# DRAMA at the PettingZoo: Dynamically Restricted Action Spaces for Multi-Agent Reinforcement Learning Frameworks

This notebook demonstrates the basic functionality of restrictions, restrictors and restriction wrappers as described in _Oesterle et al. (2024): DRAMA at the PettingZoo: Dynamically Restricted Action Spaces for Multi-Agent Reinforcement Learning Frameworks_. More detailed examples can be found in the respective notebooks at `./examples/`, and the full documentation is available at XXX.

## Imports

In [22]:
import numpy as np

from gymnasium.spaces import Discrete, Box, Space
from pettingzoo import AECEnv
from pettingzoo.classic import rps_v2
from drama import DiscreteSetRestriction, IntervalUnionRestriction, DiscreteSetActionSpace, Restrictor, RestrictionWrapper, RestrictorActionSpace
from examples.utils import play

## Basic usage of restrictions

Restrictions are subsets of `gym.Space`s. They are initialized with a base space and offer the same methods as a `gym.Space`, in particular `contains(x)` and `sample()`.

In [17]:
restriction = DiscreteSetRestriction(base_space=Discrete(10))
print(restriction)
restriction.remove(3)
restriction.remove(5)
print(restriction)
restriction.add(2)
restriction.add(3)
print(restriction.contains(8))
print(restriction.contains(5))

DiscreteSetRestriction({0, 1, 2, 3, 4, 5, 6, 7, 8, 9})
DiscreteSetRestriction({0, 1, 2, 4, 6, 7, 8, 9})
True
False


In [18]:
restriction = IntervalUnionRestriction(base_space=Box(0, 10))
print(restriction)
restriction.remove(3, 6)
print(restriction)
restriction.add(2, 4)
print(restriction.contains(3))
print(restriction.contains(5))

IntervalUnionRestriction([(0.0, 10.0)])
IntervalUnionRestriction([(0.0, 3.0), (6.0, 10.0)])
True
False


## Example: Rock-Paper-Scissors

In this example, we build a restriction wrapper around the _Rock-Paper-Scissors_ environment (`rps_v2`) of `pettingzoo`. 

- The restrictor prevents each player from repeating an action, i.e., it observes the player's last move and excludes this action from the set of allowed actions.
- The agents simply choose a random action from the allowed set.
- The `RestrictionWrapper` wraps the environment (including its agents) and one or more `Restrictor`s.
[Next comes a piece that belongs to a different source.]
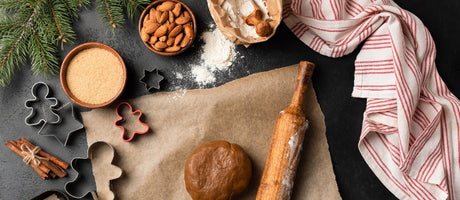 How to Beat 6 Christmas Allergy Triggers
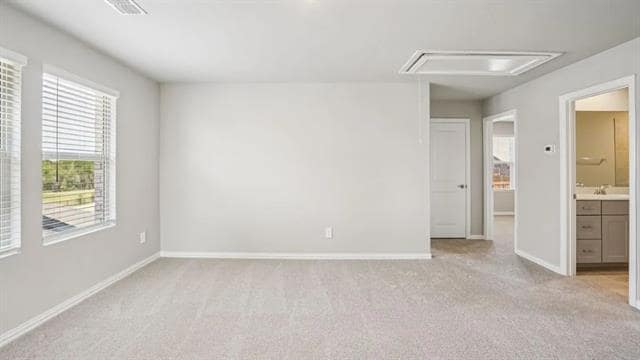Building Photo - 408 Blanton St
The agent-environment cycle (AEC) is extended by the wrapper such that a restriction is created before each agent's action by the respective restrictor. The agent then observes not only the original observation, but also the restriction, and can act according to this additional information.

In [58]:
class RPSRestrictor(Restrictor):
    def preprocess_observation(self, env: AECEnv):
        env = env.unwrapped
        return env.state[env.agent_selection]
    
    def act(self, observation: Space) -> RestrictorActionSpace:
        return DiscreteSetRestriction(base_space=self.action_space.base_space, allowed_actions=set(range(3)) - {observation})

In [59]:
env = rps_v2.env(num_actions=3, max_cycles=10)
restrictor = RPSRestrictor(Discrete(4), DiscreteSetActionSpace(base_space=Discrete(3)))
wrapper = RestrictionWrapper(env, restrictor)

def rps_policy(obs):
    _, restriction = obs['observation'], obs['restriction']
    return np.random.choice(restriction)

policies = {'player_0': rps_policy, 'player_1': rps_policy, 'restrictor_0': restrictor.act}

## Execution

In [60]:
play(wrapper, policies, record_trajectory=True)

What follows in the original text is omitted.